Reproduce, without alteration, every line of the data; exclude the images.

DATASET EXTRACT
════════════════════
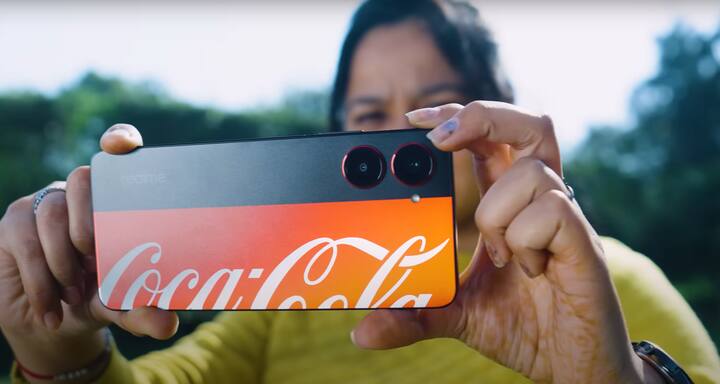 रियल मी 10 प्रो 5G कोका कोला एडिशन को आप 14 फरवरी दोपहर 12 बजे के बाद खरीद पाएंगे. इस स्मार्टफोन में आपको एक कोका कोला फिल्टर भी कैमरा के अंदर मिलता है. (YouTube)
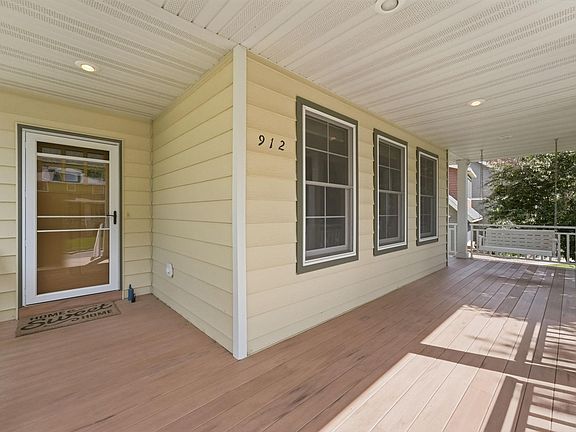 3rd image of 912 21st Ave N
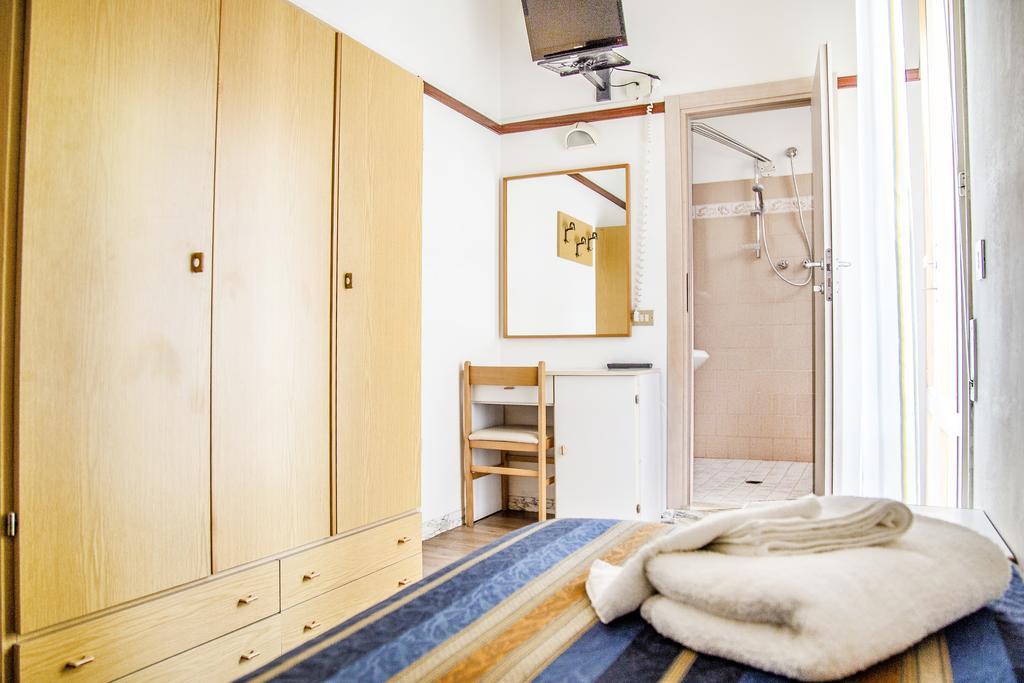 Club Hotel Residence Cesenatico Luaran gambar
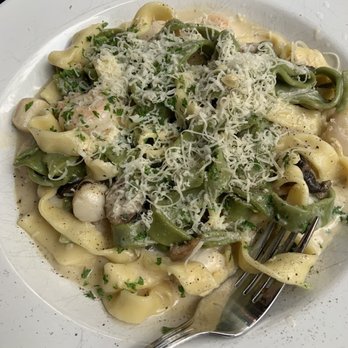 The Old Spaghetti Factory - Fettucine Alfredo - Italian Near Me - Vancouver, British Columbia The Old Spaghetti Factory - Fettucine Alfredo - Italian Near Me - Vancouver, British Columbia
════════════════════
EXERCISE ANSWER
 रियल मी 10 प्रो 5G कोका कोला एडिशन को आप 14 फरवरी दोपहर 12 बजे के बाद खरीद पाएंगे. इस स्मार्टफोन में आपको एक कोका कोला फिल्टर भी कैमरा के अंदर मिलता है. (YouTube)
 3rd image of 912 21st Ave N
 Club Hotel Residence Cesenatico Luaran gambar
 The Old Spaghetti Factory - Fettucine Alfredo - Italian Near Me - Vancouver, British Columbia The Old Spaghetti Factory - Fettucine Alfredo - Italian Near Me - Vancouver, British Columbia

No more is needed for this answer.